Some people see a column of numbers and cringe in confusion. Julie Weeks sees a story.
"The majority of number-crunchers like the numbers for their own beauty, whereas I want to dive in and pluck out actionable insights," says Weeks, a public-policy research expert who has held leadership positions at the Small Business Administration and the National Women's Business Council. "That's what gets me going—finding out something that can help make a difference."
Ten years ago, Weeks used that talent for deciphering data to launch Womenable, a for-profit consulting firm that she runs out of her home in Michigan. With a mission of enabling women's entrepreneurship, Womenable works with governments, multinational corporations and other organizations to improve laws, policies, programs and awareness about women's enterprise around the world.
As the sole employee, Weeks leads exhaustive studies and surveys of women business owners, then culls through the numbers to find trends and other notable nuggets. Some of her findings have helped shape public policy and improved the work environments for women entrepreneurs from Detroit to Rwanda.
One Womenable-led study of 500 women business owners in Vietnam, for instance, found that a lack of basic management skills and unfamiliarity with business laws and regulations were major barriers to growth. Commissioned in part by the International Finance Corporation, or IFC, the report nudged the Vietnamese government to add women's entrepreneurship training programs to a gender-equality law it was in the middle of drafting, according to Weeks.
"That probably would not have happened had they not had the results of this survey to bring to the National Assembly," she says.
Womenable founder Julie Weeks
Another Womenable survey of women's business centers in the United States found that in 2010, these hubs helped to launch 13,301 new businesses, create 36,578 new jobs and support firms that contributed a collective $1.3 billion to the U.S. economy. The information helped persuade Congress to restore funding for these centers that same year, according to Weeks.
Weeks was working as the executive director of the National Women's Business Council in Washington, D.C. when she launched Womenable in 2005. Using some of her savings, she hired an accounting firm to manage the books and graphic designers to create a corporate look and build a website.
“With a service-based business, you don't have a lot of overhead," she says. “So I just started hanging out my shingle and investing fairly quickly in branding."
The company has seen between 5 percent and 15 percent year-over-year growth from the start—a fact Weeks attributes to fulfilling a need in her field that wasn't being met.
“There were a lot of people doing training or providing some specific support for women business owners, but not as much was being done working with those who could actually be supporters of women's enterprise," she says. “I saw an opportunity to move the needle in a big way."
Womenable operates out of Weeks' home—"There's a desk, a computer, and a bookshelf," she says with a laugh—but she travels extensively to speak about the state of women's business around the world.

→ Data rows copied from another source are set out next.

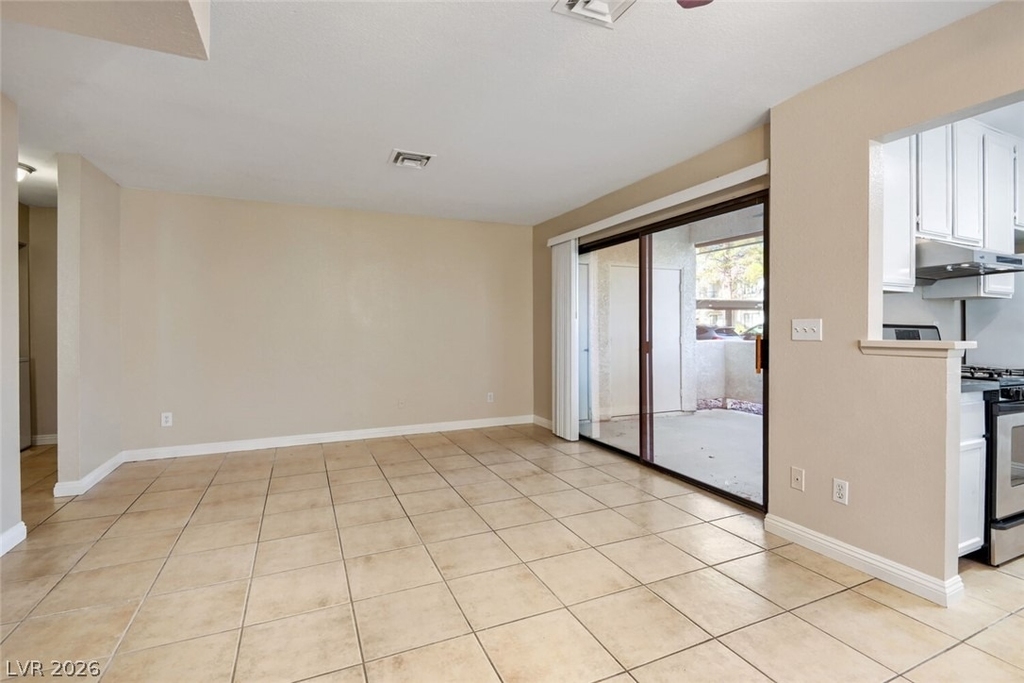 4860 Nara Vista Way - Photo 6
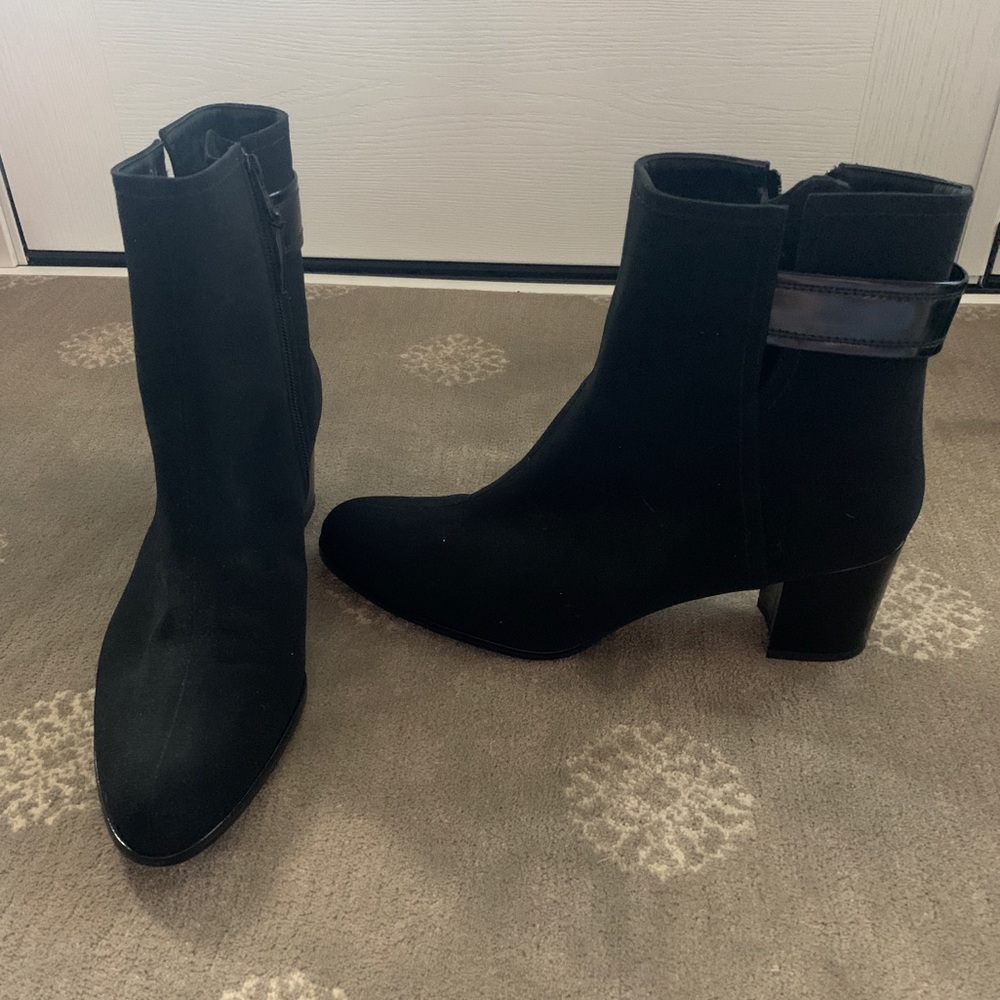 Fur lined Stuart Weitzman boots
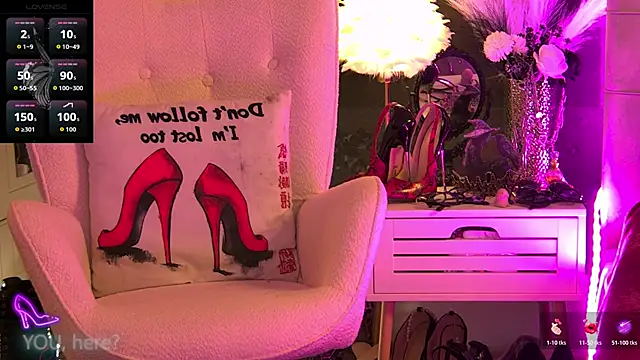 ZoeMesmerize online show from 10/31/25, 06:47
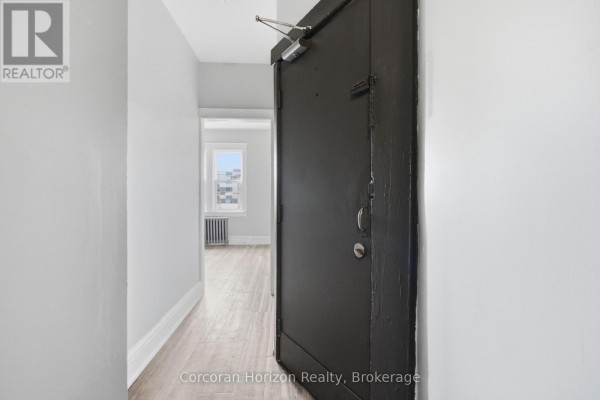 1539-1547 Barton Street E, Hamilton, ON, photo 2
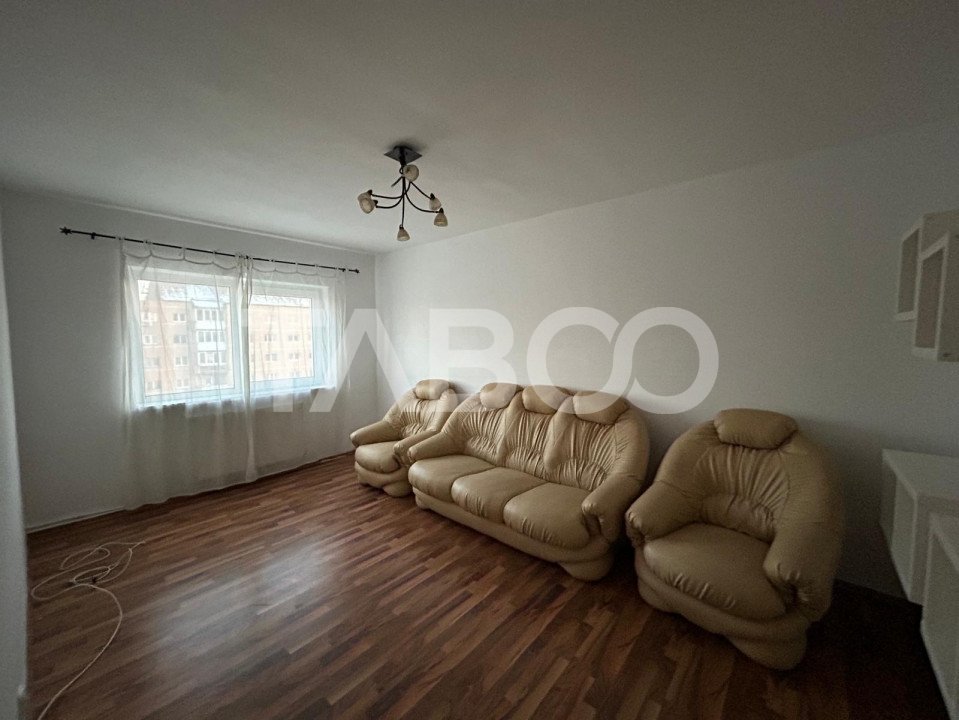 Apartament spatios cu 3 camere si 2 bai in Vasile Aaron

Weeks has never had a staff, preferring to hire experts or assistants on a per-project basis and plow her profits back into things like redesigning the company's website and enhancing its mobile-friendly capabilities.
When at her desk, Weeks is often hunched over the computer, sifting through data, writing reports (she has authored annual reports on the state of women-owned businesses for American Express OPEN since 2011), or sending daily tweets about everything from the rise of female entrepreneurs in Lebanon to a director's efforts to promote the work of women filmmakers of color. She also speaks about women's enterprise to local groups such as the Chamber of Commerce and League of Women Voters. It's a way to give back and stay visible in the community, she says: "There's a very gratifying feeling to witness a light bulb going off in someone's head as they're listening to you."

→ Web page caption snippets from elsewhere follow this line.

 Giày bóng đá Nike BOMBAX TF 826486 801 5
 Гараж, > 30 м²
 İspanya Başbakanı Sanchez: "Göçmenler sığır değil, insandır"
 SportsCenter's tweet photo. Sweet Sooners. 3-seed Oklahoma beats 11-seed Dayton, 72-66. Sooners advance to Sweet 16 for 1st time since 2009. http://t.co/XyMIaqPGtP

Not surprisingly, aspiring entrepreneurs often approach Weeks for advice. She doesn't mince words. "I tell them they should do something they're passionate about," she says. "Otherwise, what's the point? You do yourself a disservice if you start a business based on some analytical exercise on where the market trends are heading."

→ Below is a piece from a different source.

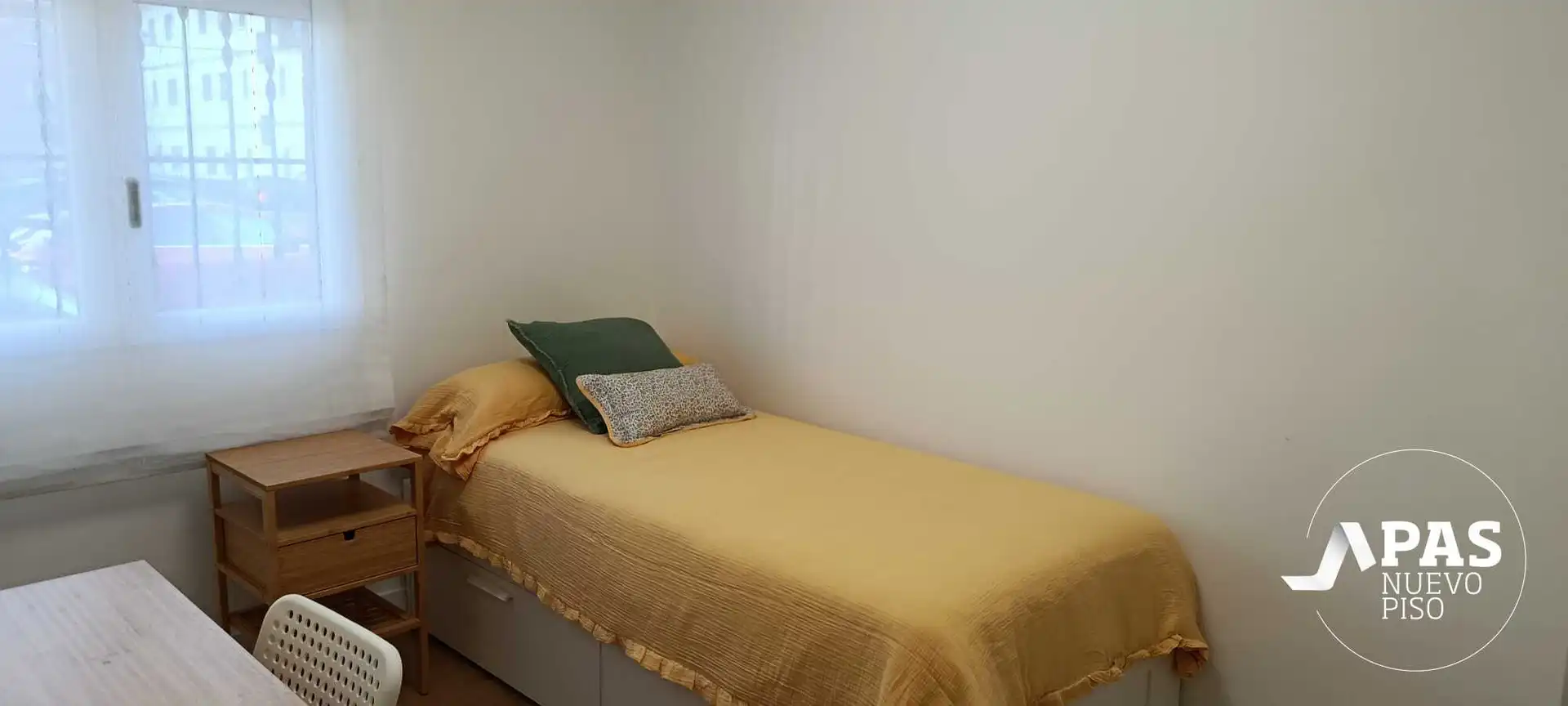 Schlafzimmer von Wohnung zur Miete in Santander mit Heizung, Ofen und Waschmaschine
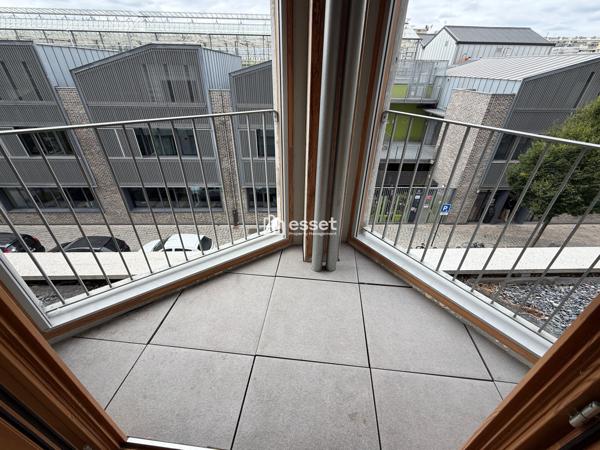 Location Appartement 5 pièces 103.8 m² - Paris 75018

Weeks also advises those taking their businesses to the next level "to get out of your own way and accept the fact that you can't do everything yourself anymore."
For both men and women small-business owners, a major hurdle often comes when a company with five to nine employees reaches $250,000 in annual sales and starts to expand in a big way. "They grow to a certain point, and that's where they start to falter," Weeks says. To get beyond that point, she advises developing an employee handbook, learning how to delegate responsibility and realizing that "you can't hire every employee anymore or know all their names."
As for her own growth plans, Weeks envisions creating a spinoff company that would serve as an online community for "women-ablers"—government officials, corporate leaders and other women's enterprise support professionals—to connect with one another to share ideas, challenges and solutions, and to access a comprehensive body of research.
At the same time, she plans to continue operating Womenable and turning numbers into actionable insights. She points to a 2014 World Bank "Women, Business and the Law" report that found legal differences in the way men and women are treated in three-quarters of the countries around the world. Fifteen countries, for example, still require wives to get permission from their husbands to work outside the home, including Bolivia, Sudan and the United Arab Emirates.
It's that kind of surprising data that drives her mission to empower the economic development of women.
"I want to make a big impact," Weeks says. "Not necessarily by steering my own business to be big—but by enabling lots of others to scale."